But, peers, you're...
No, peers, you're proving my point.
Things evolve, right?
And so there's a new version of you that you think has evolved.
And this creator who's creating the Bambi film thinks this can evolve.
And there's going to be people that say, I missed the Oatios Morgan.
No, Ernest, you're missing the point.
I want the old show in the CNN days.
No, I think that's the point.
We can let two things exist.
Just to be clear, I haven't evolved at all.
I'm exactly the same as I always was.
It's just the people I used to agree with have broadly gone mad.
Tommy, the problem with this is it's a real slippery slope, I think.
Once you start going after every classic,
It's a bit like every historical figure.
They're all flawed.
There's no American president in history
who won't be cancelled by this yard state.
There's no founding father that won't be canceled.
There is no film that won't be canceled.
They're dead. Hang on, Ernest.
They're dead.
Hang on, Ernest. This is a fictional film.
It doesn't know.
Bambi's mother's dead, Ernest.
Wake up. Tommy.
This is for Tommy.
They're dead.
They're dead. I know they're dead.
So is Bambi's mom.
And she should stay dead.
Every time you watch the movie, Tommy.
I also think, I also, tell me.
I think that there are, you know, more problematic things to have to explain to children besides the death of animals.
I think that that is the circle of life.
I think we learned that in the Lion King.
We learned that from a lot of Disney classics.
But, you know, in the last segment, you were talking about the looting and the rioting and the shoplifting.
Kids are exposed to that every single day, certainly in the United States.
And I don't hear liberals worried about them being exposed to that.
They call that justice, right?
but they're worried about a scene in which Bambi's mom dies?
I mean, the priorities, again, to me, are so astounding.
Yeah, I completely agree.
The reach.
The reach, the reach. The reach.
You're conflating looters to people who don't want a Bambi scene.
Like, this is a reach.
You should be stressed.
Let's leave it on a reach.
Ernest, always good to catch up with you.
Tommy, great to see you too.
Thank you both very much indeed.
All right.
You were sort of convulsing the three of you.
about this debate.
But, Ava, at the heart of this debate
lies my basic belief
that we are, we're covering our kids
in so much cotton wool,
they are woefully ill-prepared
for the real world.

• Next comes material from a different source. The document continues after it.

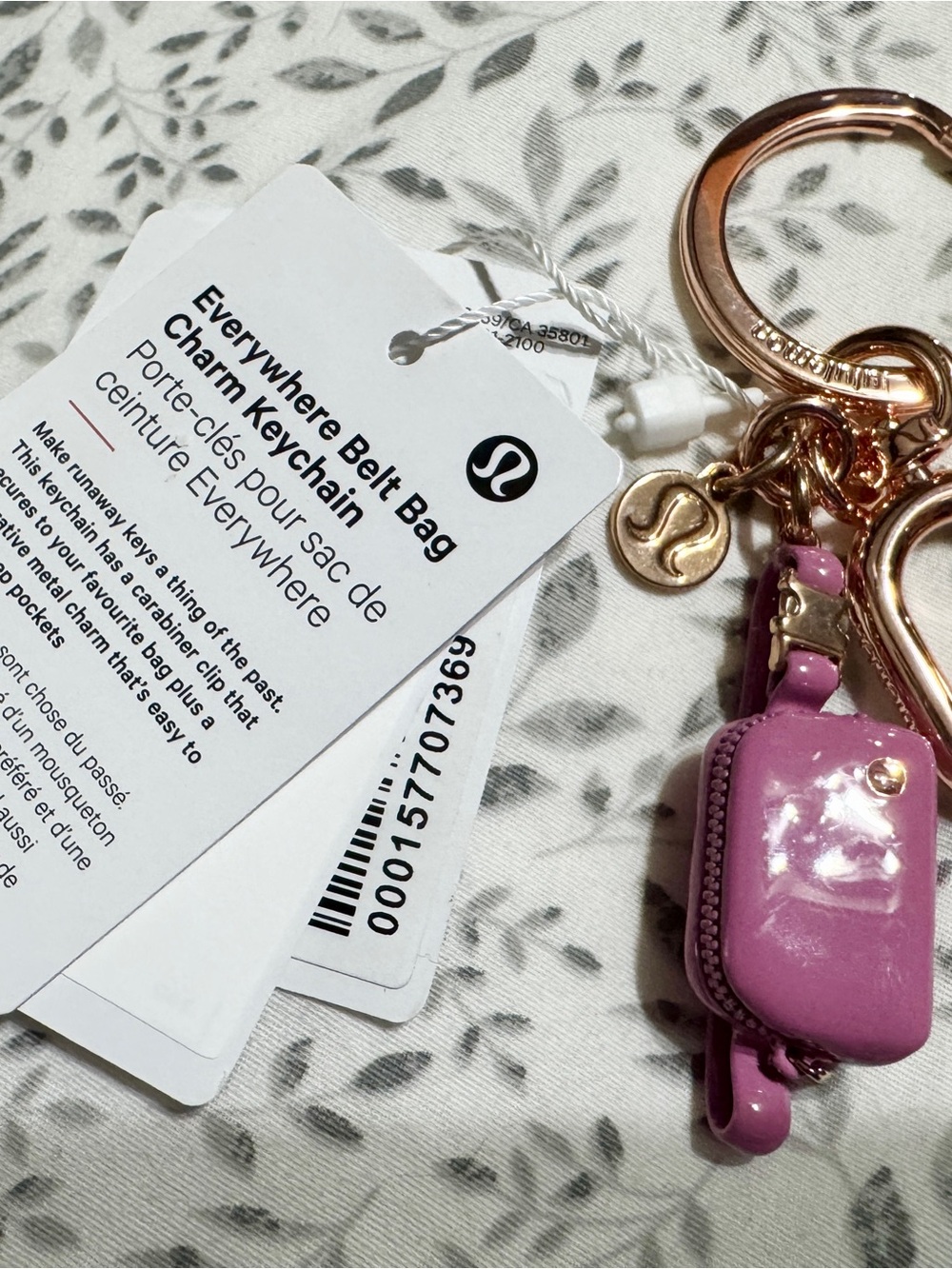 lululemon athletica Pink/Rose Gold Everywhere Belt Bag Charm Keychain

And I'll explain why.
When we brought in participation prizes
for Sports Day, right?
All that means is kids do not learn
what losing involves,
what not winning involves.
You don't get participation prizes
in the real world. You win, you lose,
you lose a job, you get a job, whatever.
there's no reality to this.
Now all the films are being sanitised
because apparently kids can't deal with his...
I'm fine.
I watched all these films.
It didn't turn me into some corrupted mass murder
or make me flake out.
It was a film that had that sad moment
and your heart goes like that when you watch it.
What's wrong with allowing kids to watch the reality?
Well, I don't agree with your first bit
because we actually do have participation prizes in life
and that is just not being best.
We don't.
That's not being number one.
At not all times, are you number one?
I can tell you, in this game you don't,
in the media you don't.
No one gives you a prize of coming eighth or last.
Maybe I would like one.
No, no.
The British Press Awards, for example,
nobody, no newspaper gets an award for coming last.
But can I say on your second point there,
we actually already did soften these fairy tales.
You know, these all originate from Grimm's fairy tales.
I like the grim version.
But hang on, but you look at the Little Mermaid
and that was Hans Christian Anderson,
and it was a really gruesome tale.
You know, we already did soften it down.
I like gruesome tales.
Yeah, but we already did soften them down.
So now when we're talking about, can I say?
My daughter's nearly 12.
She writes like really quite full on gruesome stuff, right?
And it's fascinating.
You've got a very creative mind, very febri-mine, very, you know, all over the place.
But she writes really riveting things.
But it's often based on fantastical stuff, right?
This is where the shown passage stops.